*DATA LISTING*:
* * *

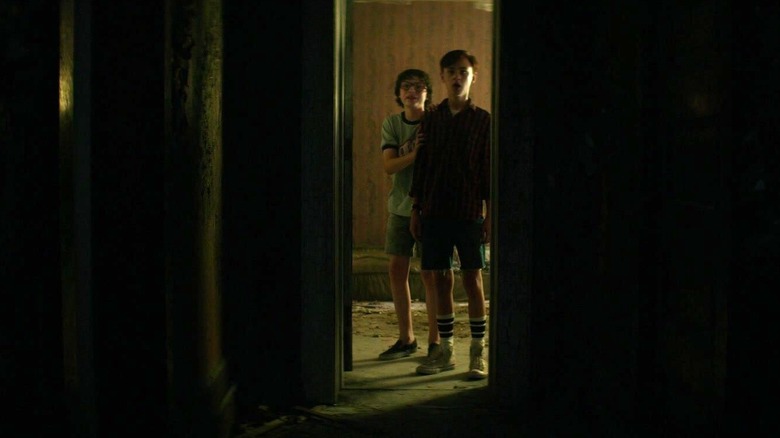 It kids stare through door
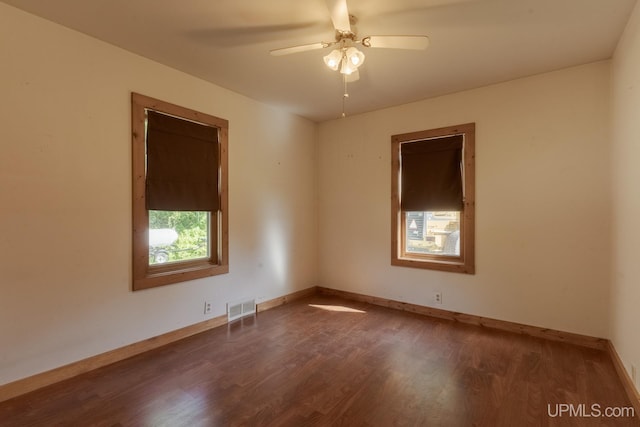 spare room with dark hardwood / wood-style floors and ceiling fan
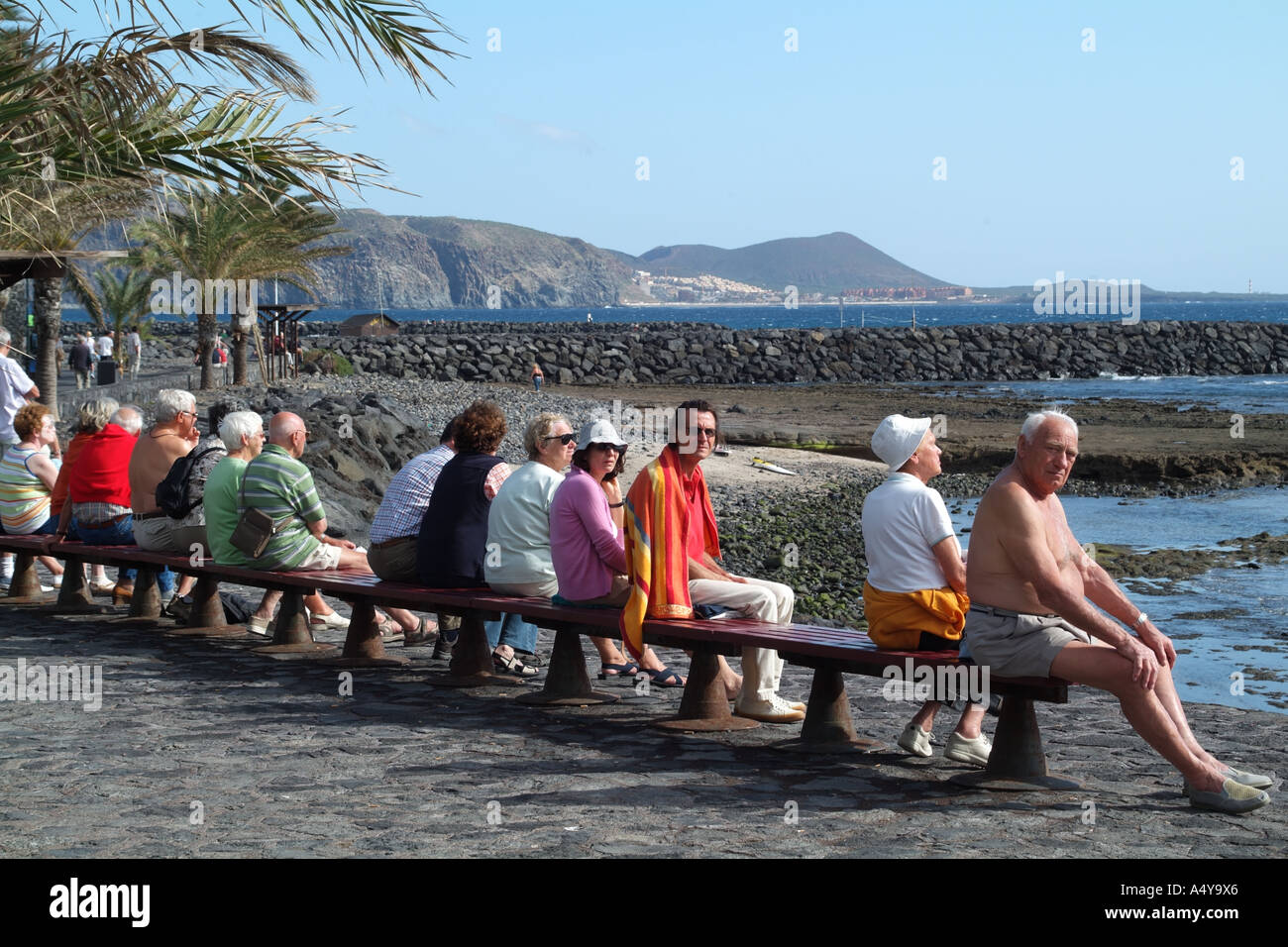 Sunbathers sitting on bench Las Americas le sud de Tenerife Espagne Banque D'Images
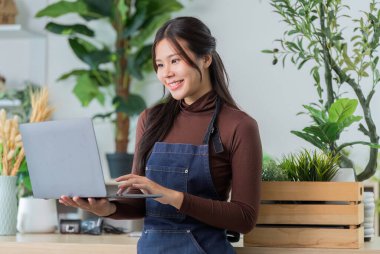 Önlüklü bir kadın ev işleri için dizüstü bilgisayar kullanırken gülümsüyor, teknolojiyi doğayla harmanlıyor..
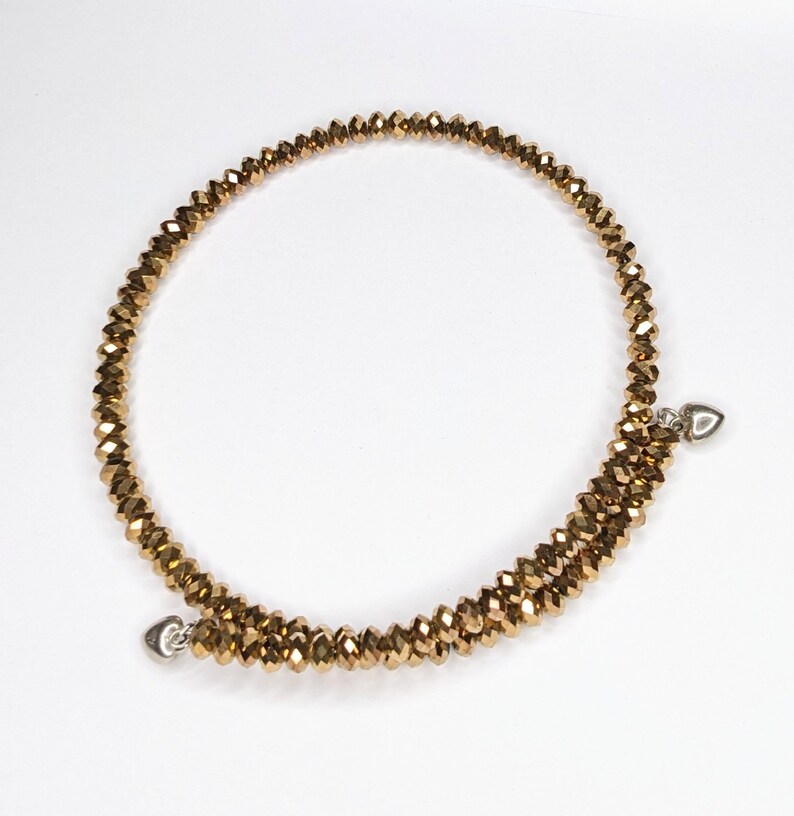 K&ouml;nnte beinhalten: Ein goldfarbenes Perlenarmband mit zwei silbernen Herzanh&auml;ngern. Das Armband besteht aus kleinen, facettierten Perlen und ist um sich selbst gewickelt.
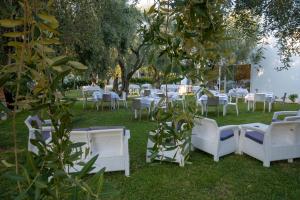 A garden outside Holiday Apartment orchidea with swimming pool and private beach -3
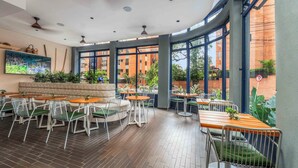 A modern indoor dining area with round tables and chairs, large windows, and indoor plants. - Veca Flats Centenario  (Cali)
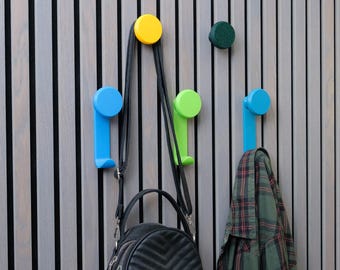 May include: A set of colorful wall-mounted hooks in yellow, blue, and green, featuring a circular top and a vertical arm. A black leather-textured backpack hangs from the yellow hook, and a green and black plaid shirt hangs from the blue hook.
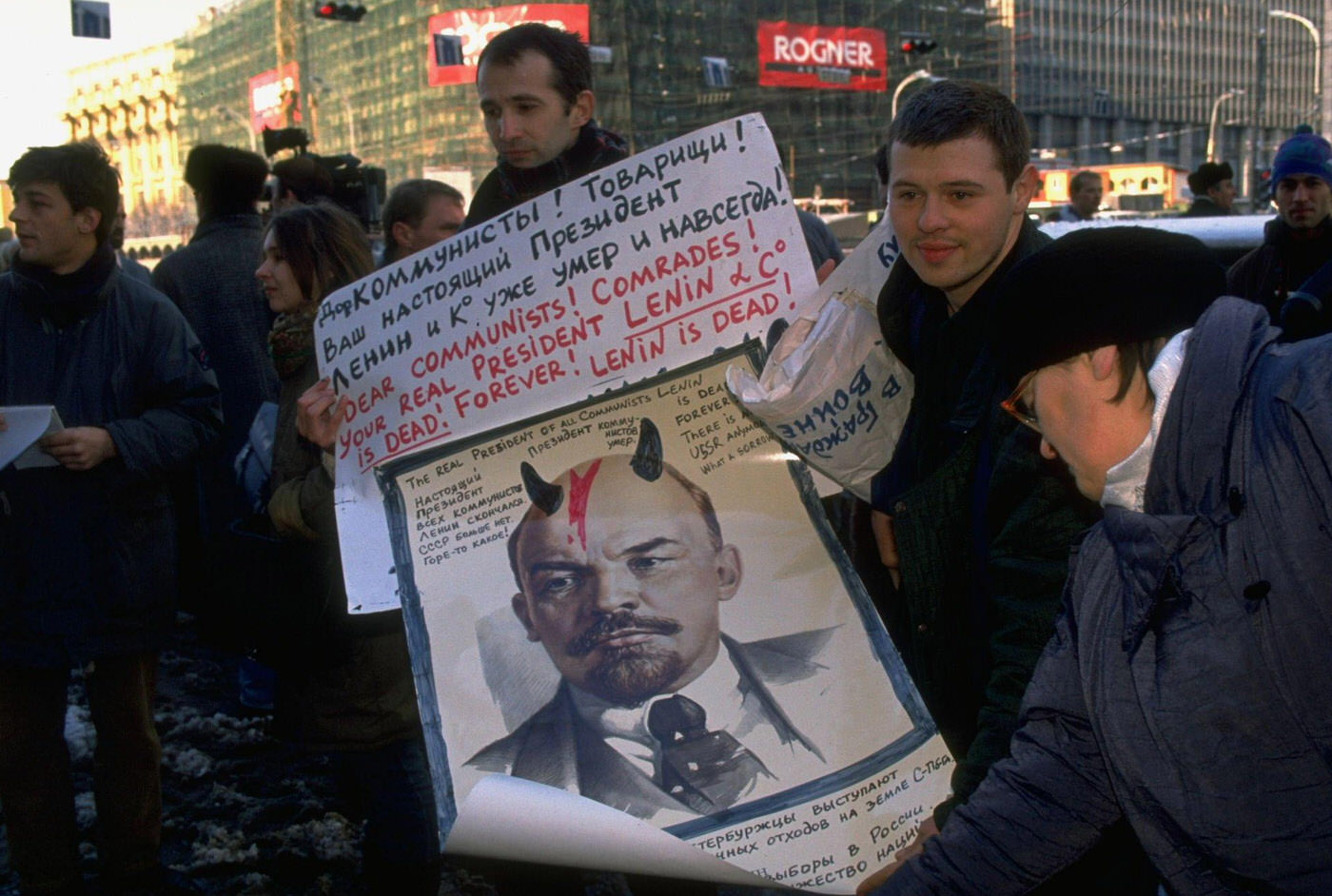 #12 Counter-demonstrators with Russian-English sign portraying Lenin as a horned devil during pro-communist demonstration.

* * *

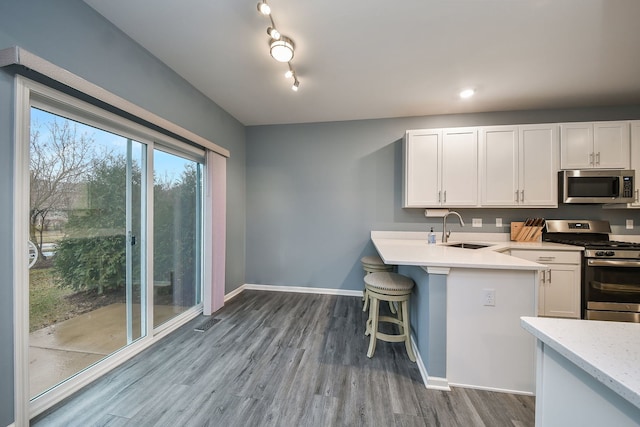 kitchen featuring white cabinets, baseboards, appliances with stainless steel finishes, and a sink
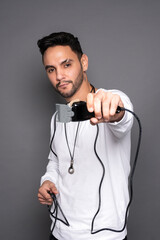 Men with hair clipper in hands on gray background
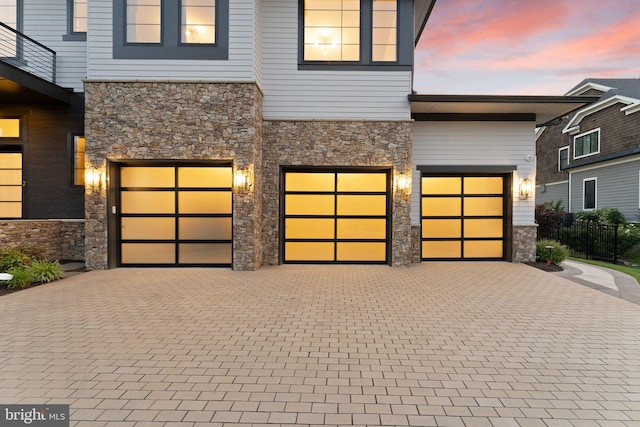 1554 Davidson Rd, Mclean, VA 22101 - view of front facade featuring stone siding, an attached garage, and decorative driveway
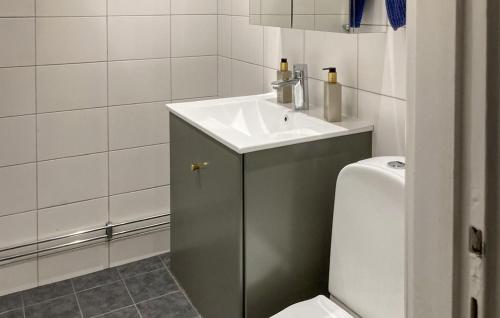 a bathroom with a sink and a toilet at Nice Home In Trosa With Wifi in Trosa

* * *

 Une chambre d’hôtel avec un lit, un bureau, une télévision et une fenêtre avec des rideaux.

* * *

*INSTRUCTIONS TO FOLLOW*: Write out the lines above from the one with "spare room with" through the one with "Önlüklü bir kadın", ends included, exactly; no picture goes in.

*ANSWER TO THE PROBLEM*:
 spare room with dark hardwood / wood-style floors and ceiling fan
 Sunbathers sitting on bench Las Americas le sud de Tenerife Espagne Banque D'Images
 Önlüklü bir kadın ev işleri için dizüstü bilgisayar kullanırken gülümsüyor, teknolojiyi doğayla harmanlıyor..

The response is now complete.